• ASSIGNMENT: Please find the line that holds "What's going on" below and reproduce it, along with every line after it through the end, exactly and without pictures.

• INFORMATION SHOWN:

+++

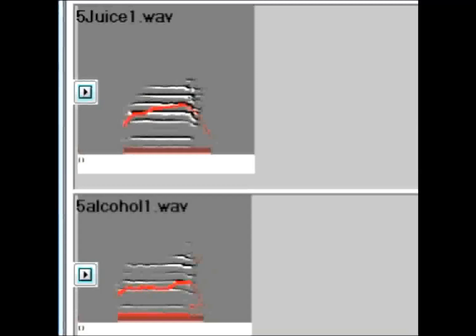Listen carefully now as I play these two syllables. First the syllable sung while the bird had juice, followed by the syllable sung while the bird had alcohol.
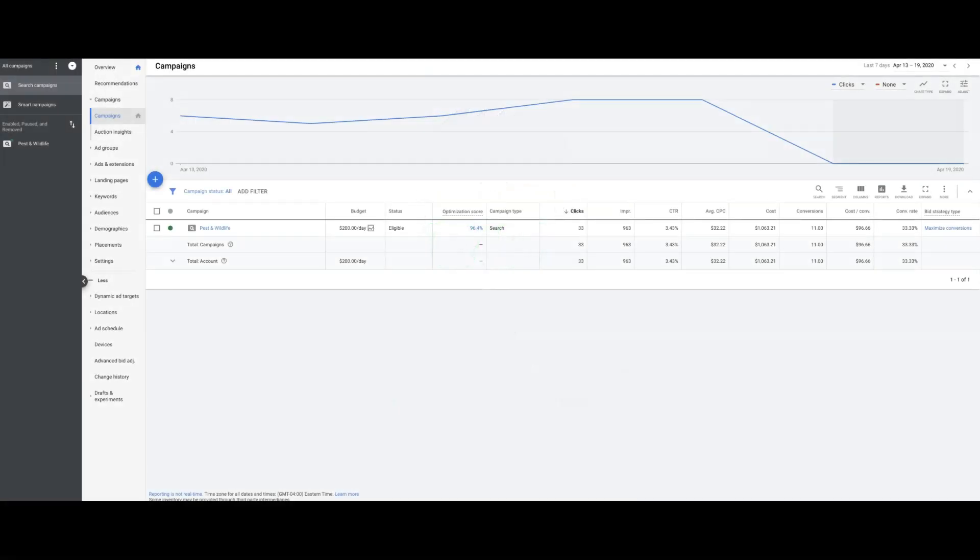What's going on guys, Rob from Clicks Geek. Today I want to walk through this pest control client. I'm showing you the last seven days - we're in April right now. These are insane results based on the current situation with everyone on lockdown, but it goes to show you that some locations are still business as usual.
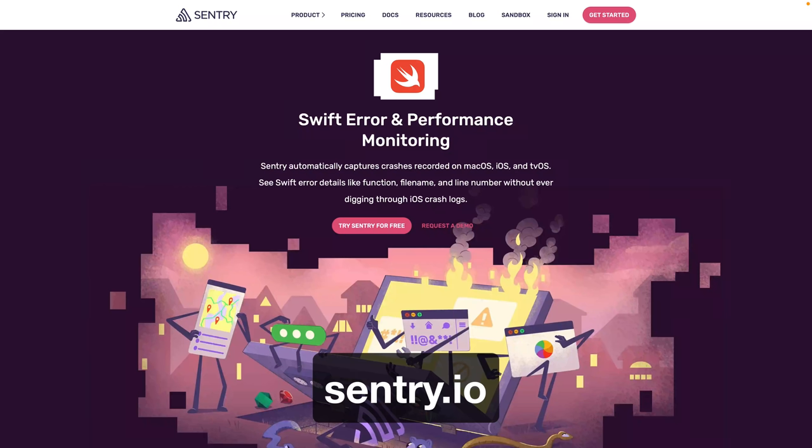Sponsored by Sentry. With their performance monitoring tools for iOS, you see mobile vitals that actually matter, helping you learn how each release is performing over time. Find out more at Sentry.io.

+++

• RESPONSE TO THIS EXERCISE:
What's going on guys, Rob from Clicks Geek. Today I want to walk through this pest control client. I'm showing you the last seven days - we're in April right now. These are insane results based on the current situation with everyone on lockdown, but it goes to show you that some locations are still business as usual.
Sponsored by Sentry. With their performance monitoring tools for iOS, you see mobile vitals that actually matter, helping you learn how each release is performing over time. Find out more at Sentry.io.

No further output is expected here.